Bei Zugrundelegung dieses rechtlichen Maßstabs ist die Eignung von "Gagny" als geografische Herkunftsangabe für die in der Anmeldung aufgeführten Waren, für die die angemeldete Marke eingetragen werden soll, zu bejahen.
Gagny ist - wie die Markenstelle zutreffend festgestellt hat und auch die Anmelderin nicht in Abrede stellt - der Name einer französischen Stadt mit etwa 38.000 Einwohnern. Positive Feststellungen dahingehend, dass in Gagny derzeit bereits Haushaltswaren der Art, wie sie in der Anmeldung der Marke aufgeführt sind, hergestellt werden, hat die Markenstelle nicht getroffen. Auch der Senat hat im Rahmen seiner Ermittlungen eine aktuelle Produktion solcher Waren in Gagny nicht feststellen können. Entgegen der Ansicht der Anmelderin kann jedoch hieraus nicht geschlossen werden, dass die angemeldete Marke zur Bezeichnung der geografischen Herkunft der beanspruchten Waren nicht benötigt wird und der Eintragung der angemeldeten Marke für die fraglichen Waren das Schutzhindernis des § 8 Abs. 2 Nr. 2 MarkenG nicht entgegensteht; denn die tatsächlichen Gegebenheiten in der Stadt Gagny und in ihrem Umland lassen nicht den Schluss zu, dass dort künftig eine Produktion solcher Waren ausgeschlossen oder völlig unwahrscheinlich ist.
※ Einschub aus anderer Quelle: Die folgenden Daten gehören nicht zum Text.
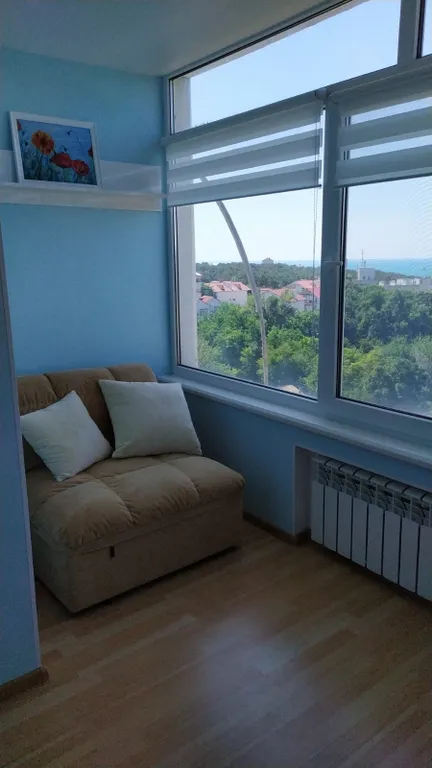 Квартира Уютная квартира с видом на море — Севастополь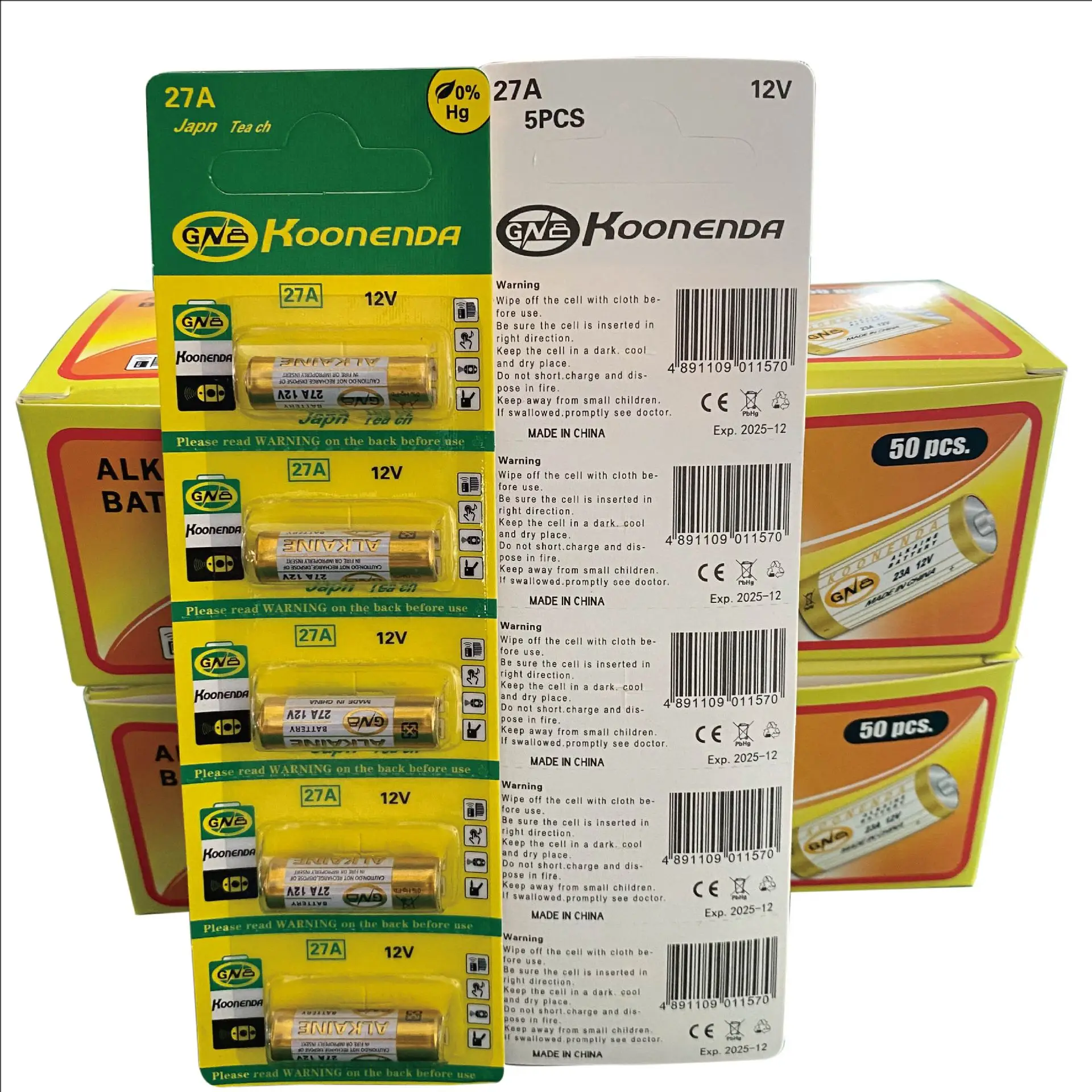 27A 12V Battery 12V 27A Battery 27A 12V Remote Control Battery Wholesale 27A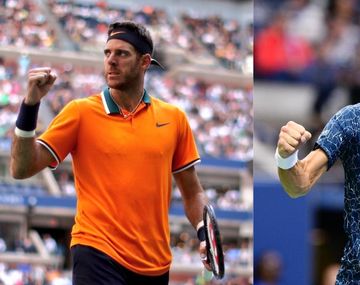Del Potro de Djokovic en la final del US Open
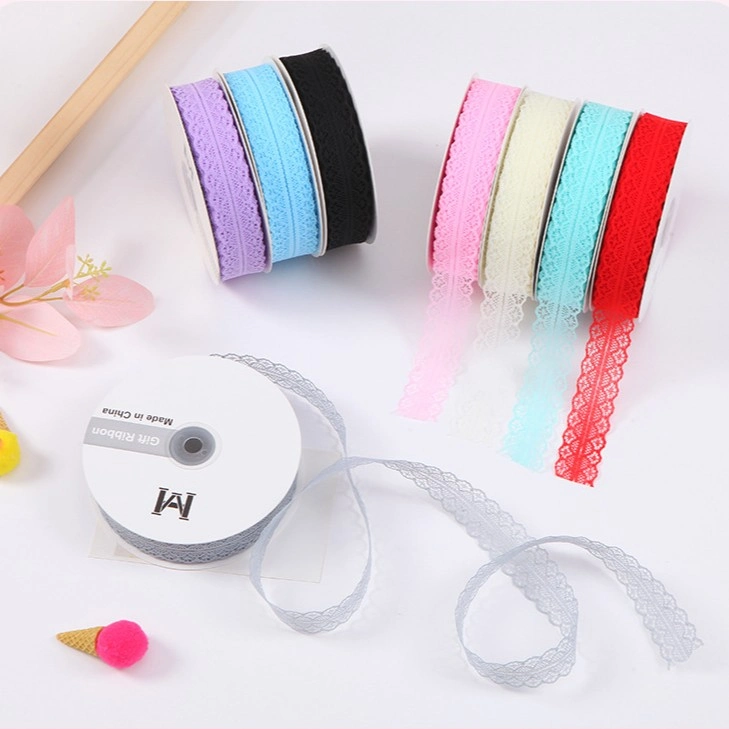 Cuộn ruy băng ren cổ điển bản 3cm x 45m ảnh 15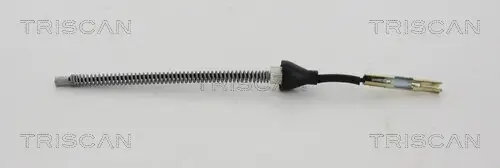 Seilzug, Feststellbremse hinten links hinten rechts TRISCAN 8140 161163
Bei Gagny handelt es sich zwar um eine relativ kleine Stadt, die jedoch bereits über eine industrielle Infrastruktur sowie über eine überdurchschnittlich gute nationale und internationale Verkehrsanbindung verfügt. Die schon bestehende Ansiedlung von Industriebetrieben lässt zudem den Schluss zu, dass es dort Möglichkeiten zur Ansiedlung von Industrie- und Gewerbebetrieben gibt, weshalb auch für die Zukunft die Produktion anderer Waren als der bisher produzierten nicht unwahrscheinlich ist und erst recht nicht ausgeschlossen werden kann. Bei dieser Ausgangslage muss auch damit gerechnet werden, dass in Gagny künftig Haushaltswaren der mit der Anmeldung beanspruchten Art produziert werden und "Gagny" künftig als geografische Herkunftsangabe für diese Waren im Verkehr - auch für den Export in die Bundesrepublik Deutschland - benötigt wird. Dies gilt umso mehr, als Frankreich bereits ein nicht unbedeutender Produzent von Glas- und Porzellanwaren sowie von Haushaltsgeräten und anderen Haushaltswaren in Europa ist und bundesdeutsche Unternehmen nicht nur allgemein umfangreiche Wirtschafts- und Geschäftsbeziehungen zu Frankreich unterhalten, sondern deutsche Haushaltswarengeschäfte, Kaufhäuser und auch Supermärkte in beachtlichem Umfang Haushaltswaren aus Frankreich importieren und in ihren inländischen Geschäften anbieten. Bei den mit der Anmeldung beanspruchten Waren handelt es sich zudem - worauf bereits die Markenstelle zutreffend dargelegt hat - um solche, die für ihre Produktion keine besonderen geografischen oder klimatischen Voraussetzungen erfordern und praktisch an jedem Ort hergestellt werden können. Die Nähe von Gagny zur von deutschen Touristen häufig besuchten französischen Hauptstadt Paris sowie seine Lage am Rande des internationalen Flughafens Paris-Charles de Gaulle, über den eine große Zahl ausländischer Besucher von Paris anreist, lassen zudem den Schluss zu, dass Gagny einem nicht unerheblichen Teil der durchschnittlich informierten deutschen Verkehrskreise zumindest dem Namen nach bekannt ist und als Name eines französischen Ortes verstanden wird. Bei dieser Sachlage kann eine zukünftige Eignung von "Gagny" als geografische Herkunftsangabe für die mit der Anmeldung beanspruchten Waren nicht ausgeschlossen werden, weshalb die Beschwerde der Anmelderin keinen Erfolg haben kann.